To acquire Venturers in any significant number, the registration fee will have to be less than the cost of a pizza and a movie.
While we’re rumoring, scuttle but says there are co-Ed troops being piloted.

But even on an informal basis this is happening. I was manning a station at spring Camporee and saw several patrols is mixed sexes. One or two may have bee ad hoc, but a couple operated well enough that I figured they weren’t segregated OPO.

Our GT hasn't been over 5 at any point since we charted it in 2021. They elect an SPL rather than PL, and male SPL/female SPL share responsibilities they work out between them on opening/closing and planning. On outdoor weekends, they function as their own patrol so if only two attend, they divide all their responsibilities amongst the two (cooking, KP duty, etc.). I too have seen true co-ed units as well though. One unit near me, they had only a single SPL in 2022 for "the two units", and happened to be a girl that was elected.

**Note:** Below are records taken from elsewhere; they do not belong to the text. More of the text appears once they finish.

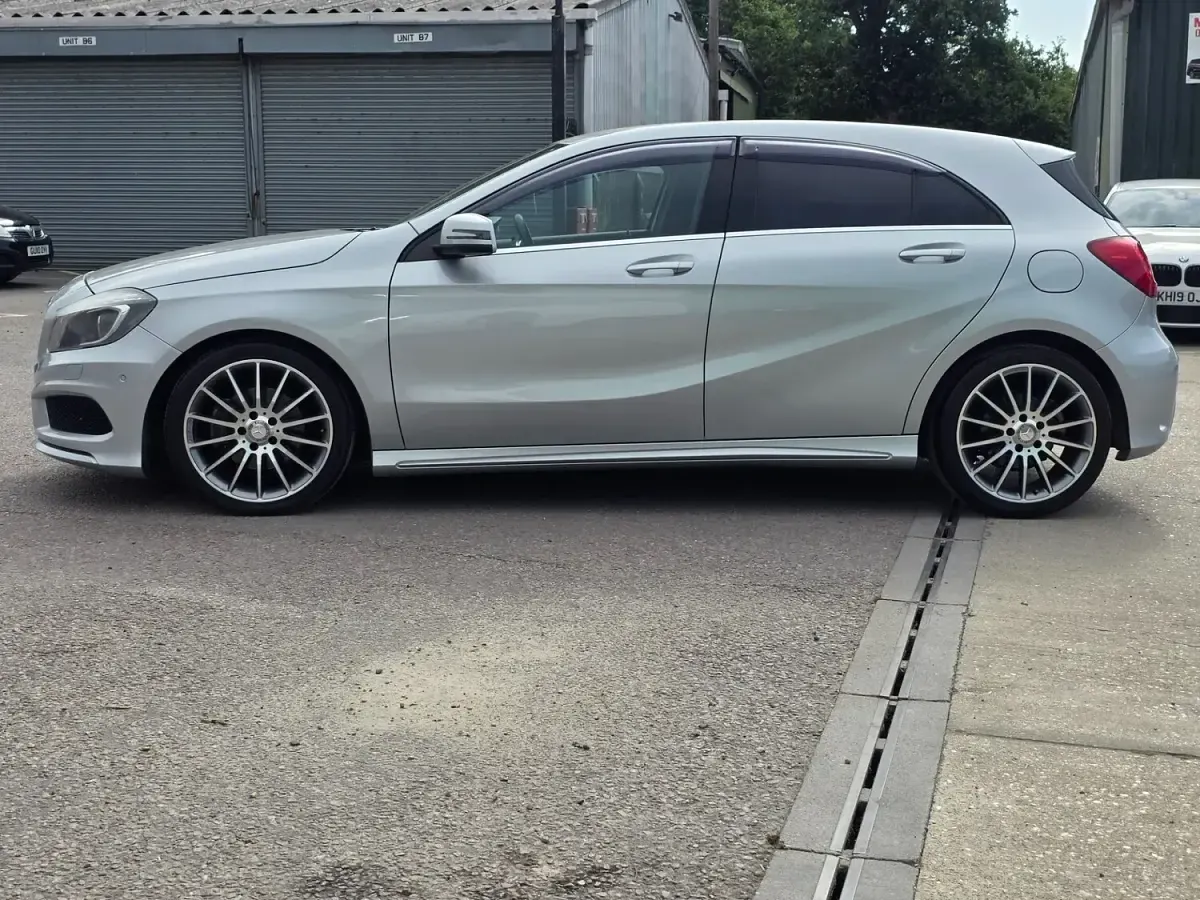 Used Mercedes A180 AMG line 122 HP (89 kW) 2014 Silver Hatchback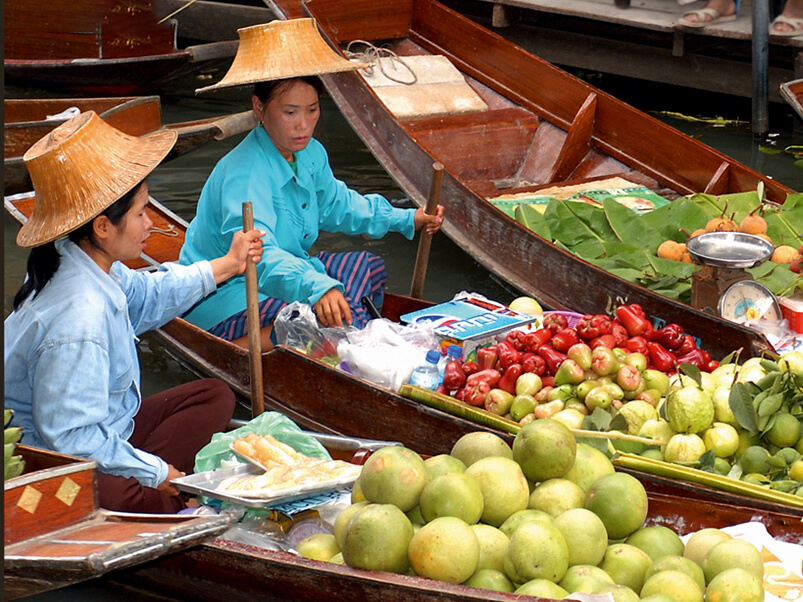 Le marché flottant à Bangkok attire de nombreux visiteurs chaque année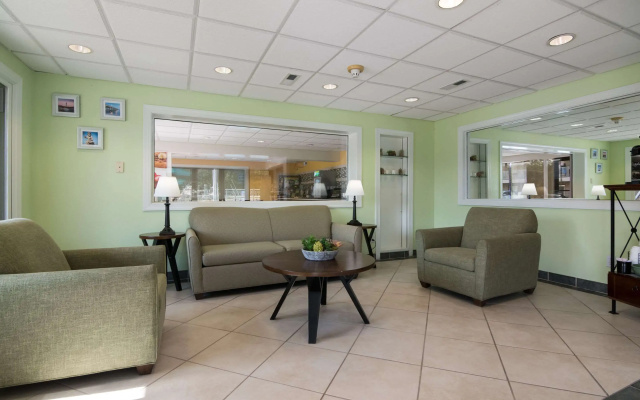 Quality Inn Little Creek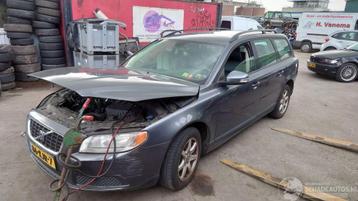 Volvo V-70 2009 2.0D D4204T Grijs 455 onderdelen beschikbaar voor biedingen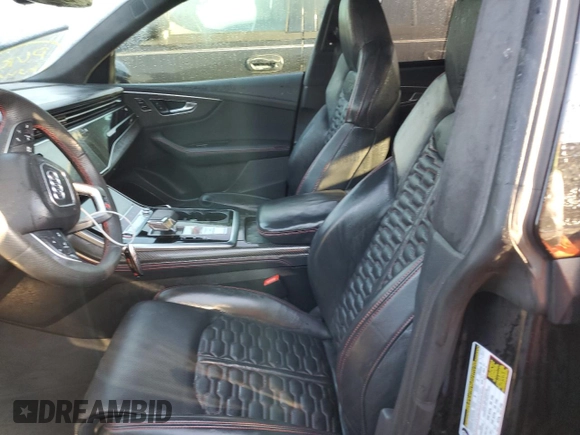 2021 Audi RS Q8 z VIN WU1ARBF11MD029420, wystawiony jako Copart lot #73844124 z przebiegiem Nie podano mil oraz Nie do naprawy. Historia ofert i sprzedaży dostępna na DreamBid. Obrazek 7.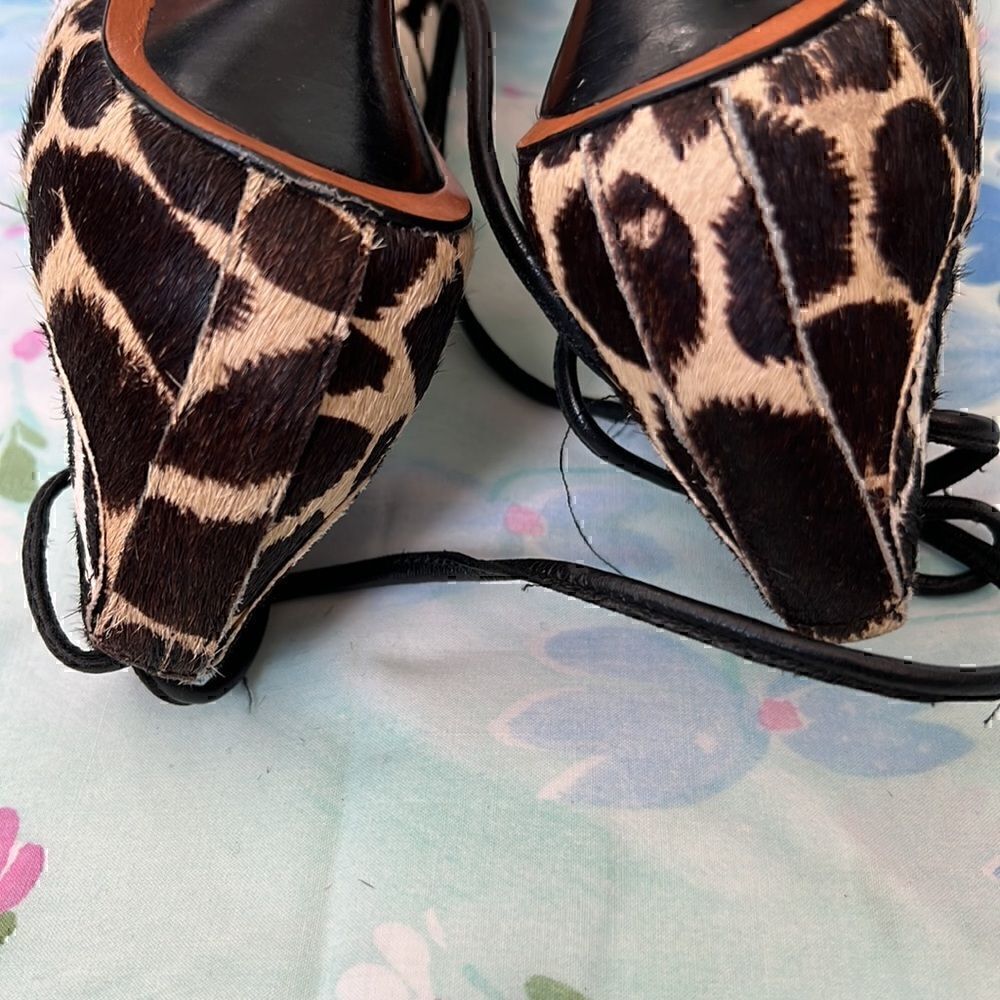 10 Crosby Derek Lam Animal Print Hair On Lace Up Heels 6 - Picture 11 of 13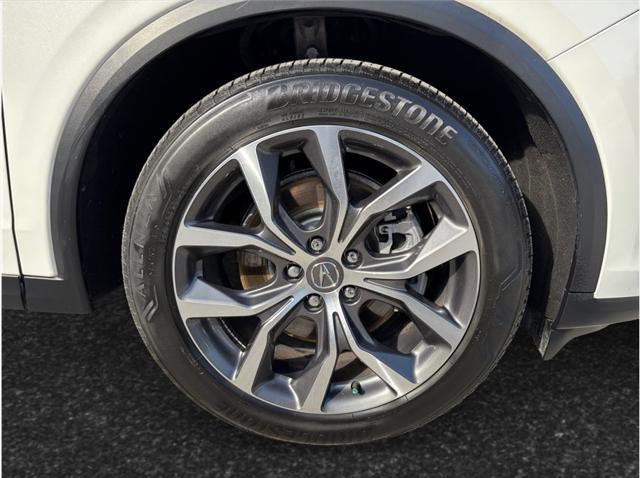 Photo of 2024 Platinum White Pearl Acura MDX
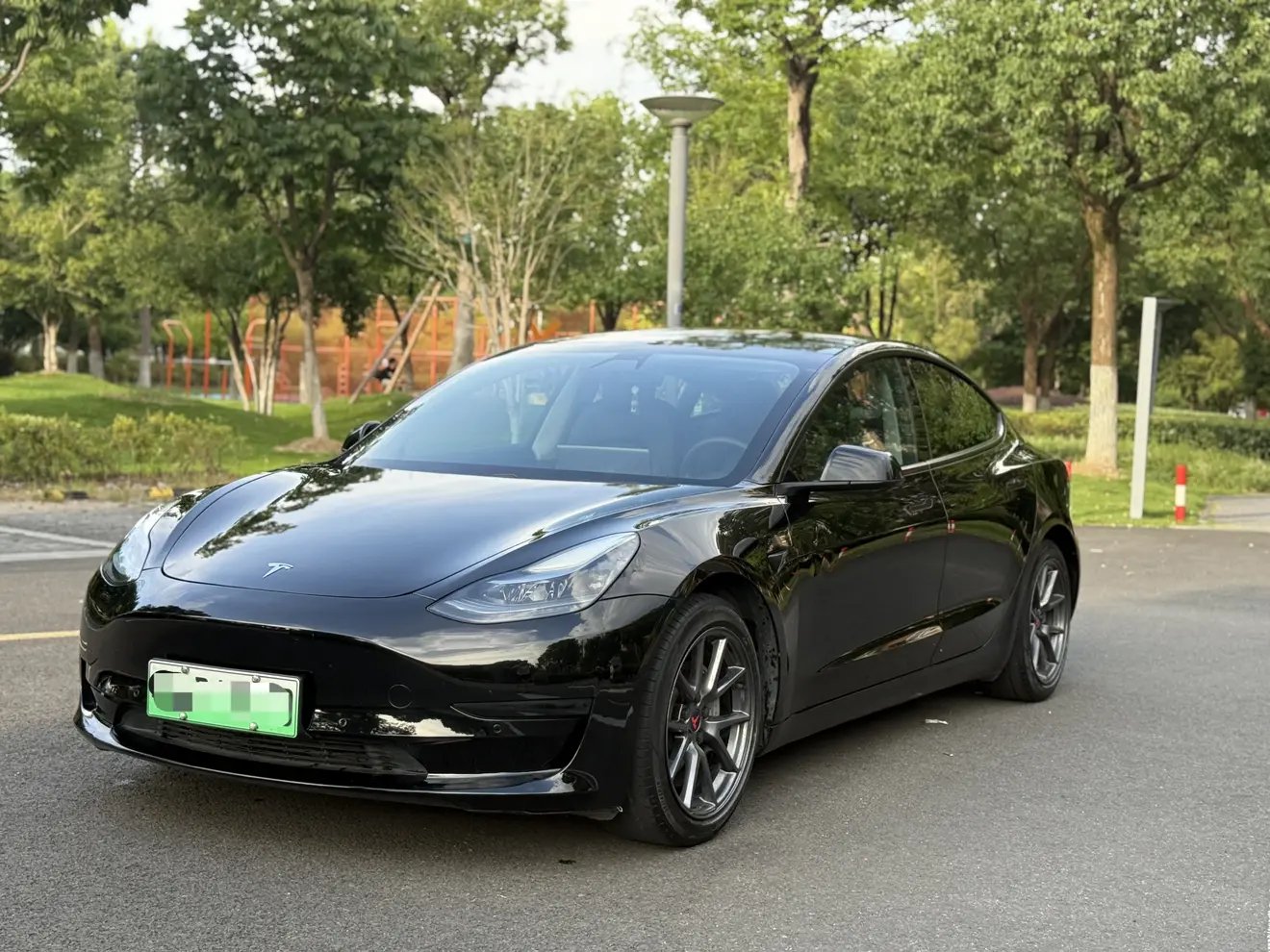 Tesla Model 3  из Китая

I used the co-ed Den example in another post  of what these pilots amount to. Our pack had 2 females when that pilot was announced, not in the same age, but had one DL assigned that worked with them together (1 was Bear, the other AoL). Council flat out told the Cubmaster to opt into the pilot, as many other units were already doing it co-ed anyway. These pilots aren't to "discover something new", they are to affirm where others are already going rouge.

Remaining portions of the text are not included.